Há poucos como Camilo. Quando se coloca em causa a remoção de uma estátua pelo “desgosto estético” e “desaprovação moral” percebemos que é triste o debate. Felizmente a ideia de retirada não avançou. Movimentos destes a acontecer causam náuseas de tanto “puritanismo”. Como se quem visualiza a arte não fosse capaz de interpretar o objeto artístico. O que estes puritanos querem fazer é pressupor-nos de ignorantes que precisamos da polícia da moralidade para nos salvar. Lamentável.
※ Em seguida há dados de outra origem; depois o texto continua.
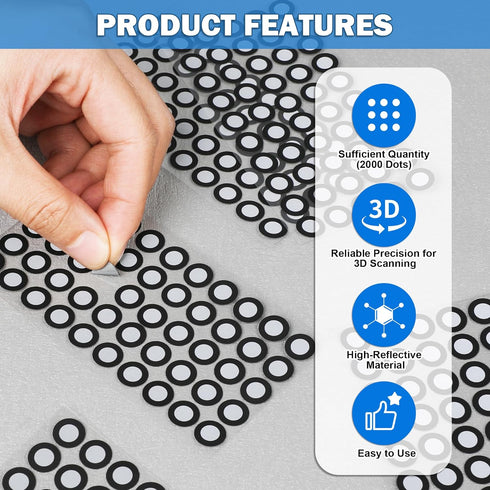 Starry 2000 6.0 mm 3D 3D 3D 3D 3D 40 Dots Scanner Markers Dots for Scanners High Reflective Markers Diffuse Reflection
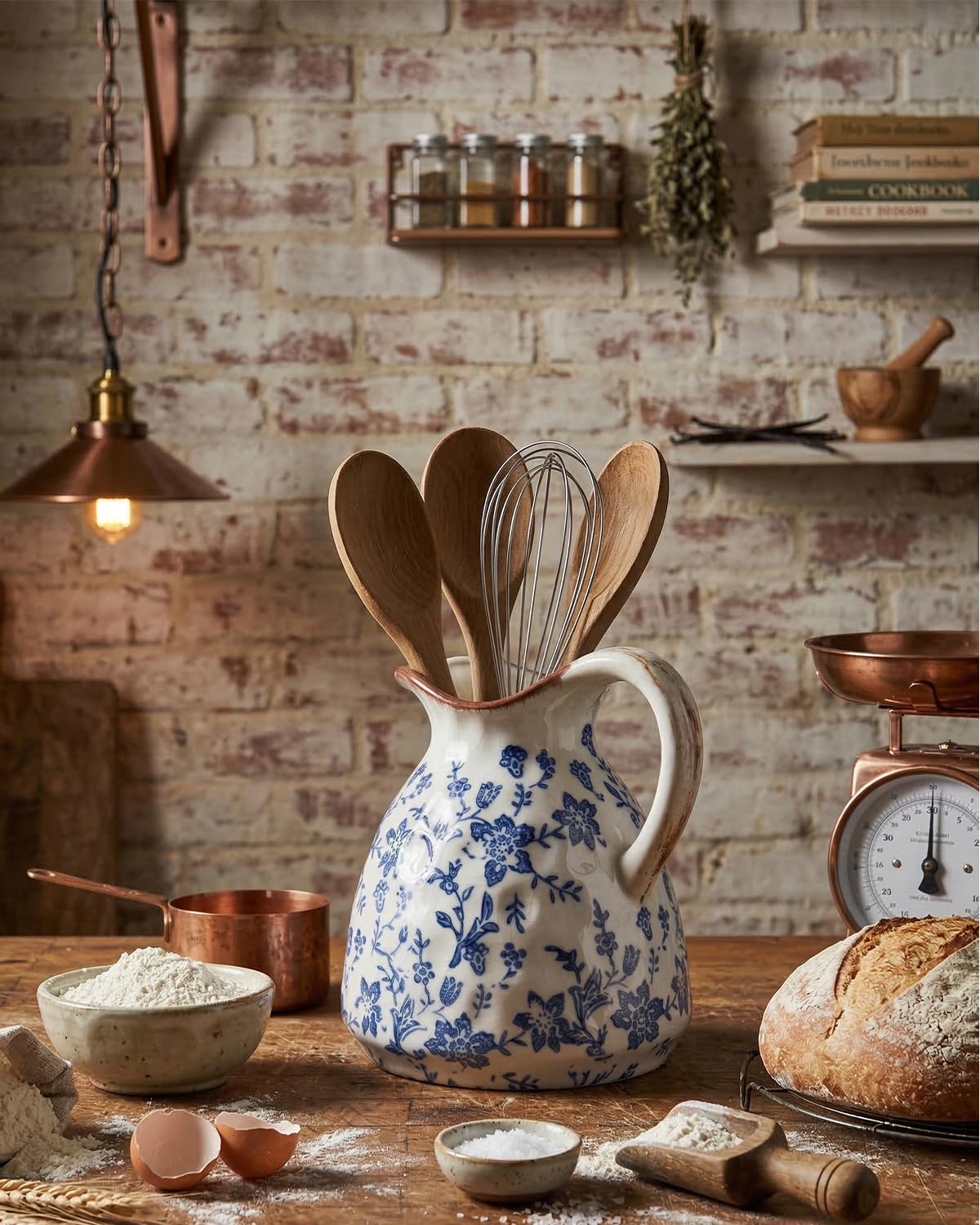 CheeryStow vase utilisé comme pot pour ustensiles, gain d'organisation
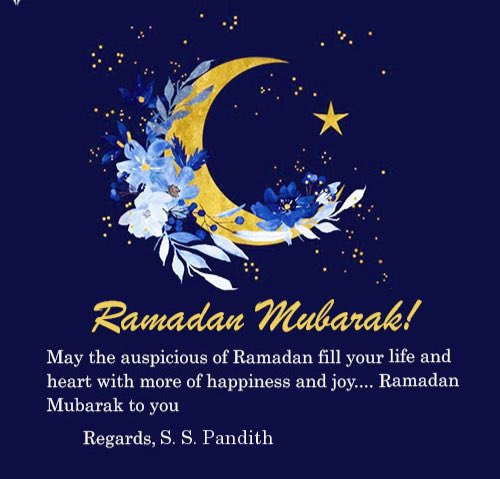 pandithshiva's tweet photo. May the spirit of generosity bless you this Ramadan, and may you extend generosity towards all. https://t.co/HfAz2UthbS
Arrumado este assunto, aproveito para propor aos signatários deste tipo de movimentos, que classifico de “polícias da moralidade”, não as novelas da televisão, que deverá ser o que andam a contemplar, e mais as novelas de Camilo. Talvez descobrissem destas um enredo mais generoso e aprimorado do que na TV. Fica a sugestão.
Todos conhecemos Castelo Branco, vimos nele um pequeno génio com uma capacidade literária pouco vista, ainda mais conhecendo os contornos da sua vida. Aproveito estar a escrever para terras do Norte, para recordar as “Novelas do Minho”. Deveriam ser estas a ser “vistas”. E se voltássemos aos tempos de novelas escritas em jornais? Quem não esperaria pelo episódio seguinte para saber se Teresa iria fugir com Guilherme. Ou quantos de nós não esperaríamos para descobrir mais de Maria Moisés. A recém-nascida “pescada” ao largo do rio.
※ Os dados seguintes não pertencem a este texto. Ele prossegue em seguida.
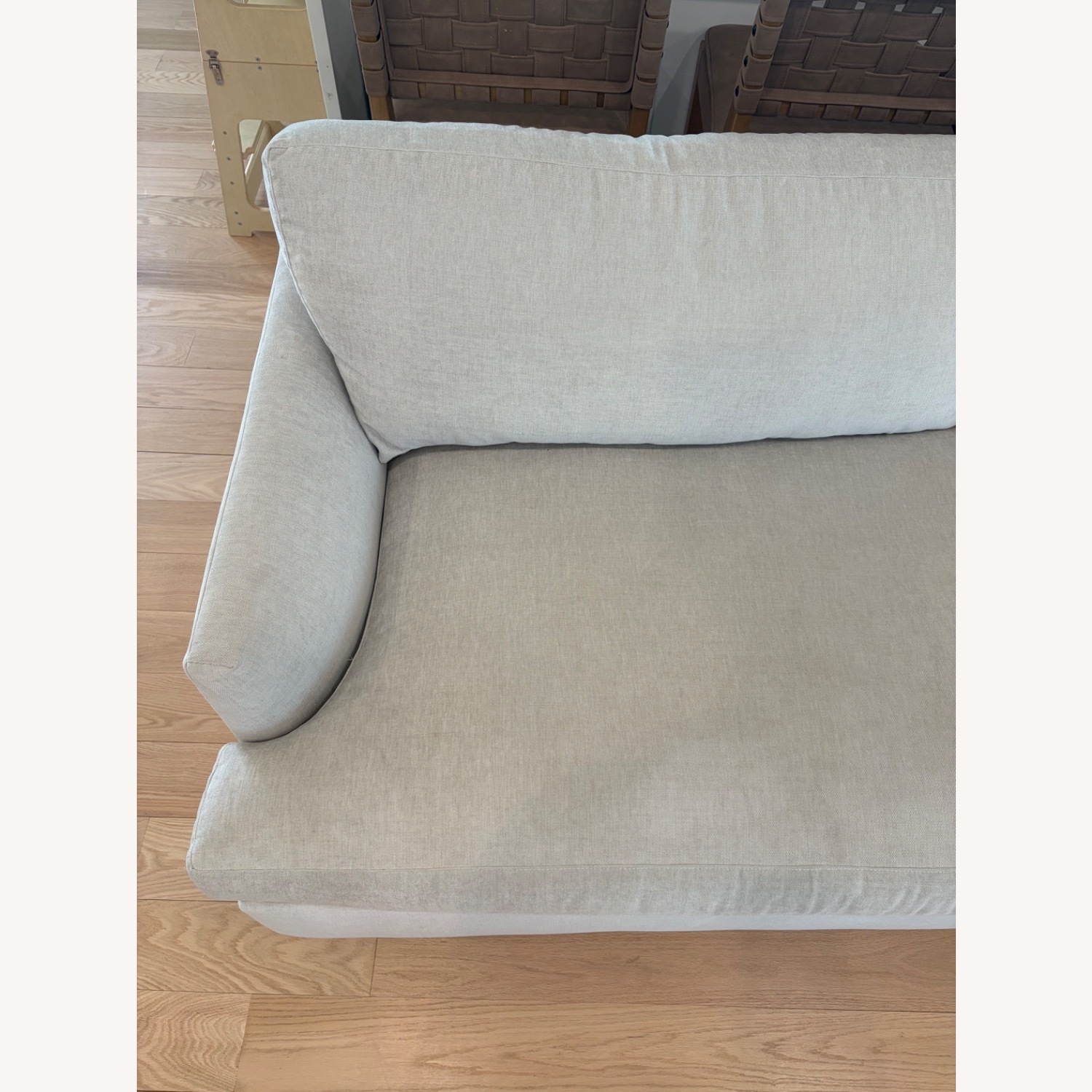 West Elm Haven Light Gray Fabric Sleeper Sofa - image-3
Quem nunca leu este pedaço de arte que atire a primeira pedra. Diz o marido: “Cá tem mais um, mulher!”, responde ela: “um quê, homem?”. “um crianço que pesquei no rio!”.
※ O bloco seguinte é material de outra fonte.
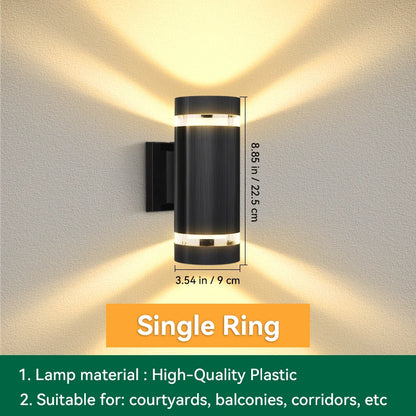 Modern Outdoor Waterproof Square Wall Lamp (E27)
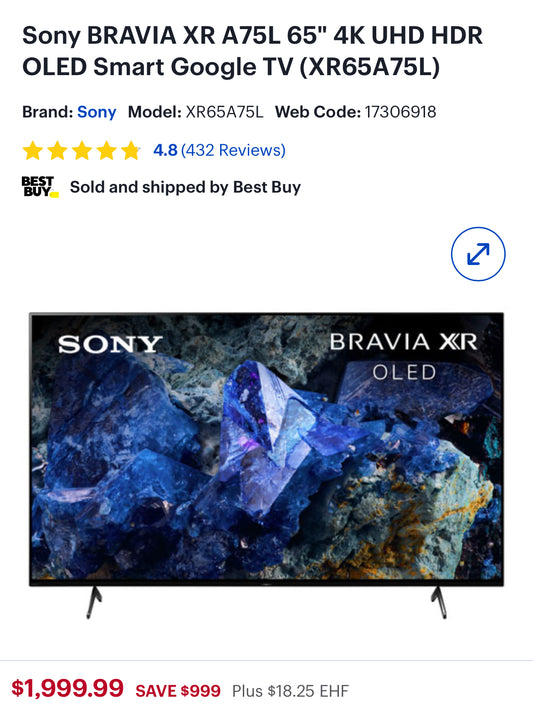 Sony TV Vendor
Não deve haver novela televisiva que nos tire a ficção de imaginar todos estes enredos lidos. Imaginem terem de comprar o jornal naquele dia da semana (o tão conhecido folhetim) para descobrir se a viúva há-de fugir com o enforcado. Não é isto fascinante? Que acham da ideia de aguardar o suspense para o próximo episódio?
Nostálgico… um tempo que nunca vivi. Podemos achar paralelo discutir-se uma série ou mesmo uma novela na TV, mas há muito que sabemos que nada substitui o prazer de ver as palavras lidas.
Preferia que os signatários se preocupassem mais com a obra de Camilo. Que interessa uma estátua se ainda há tanto para ler. E deixo isto para os felizardos leitores, ainda sobre a heroína Maria Moisés: “Se eu ficar sem ela (a quinta), é porque a reparti por muitos pobres; mas a melhor porção há-de ser a minha, porque o prazer de dar é muito maior que o de receber.”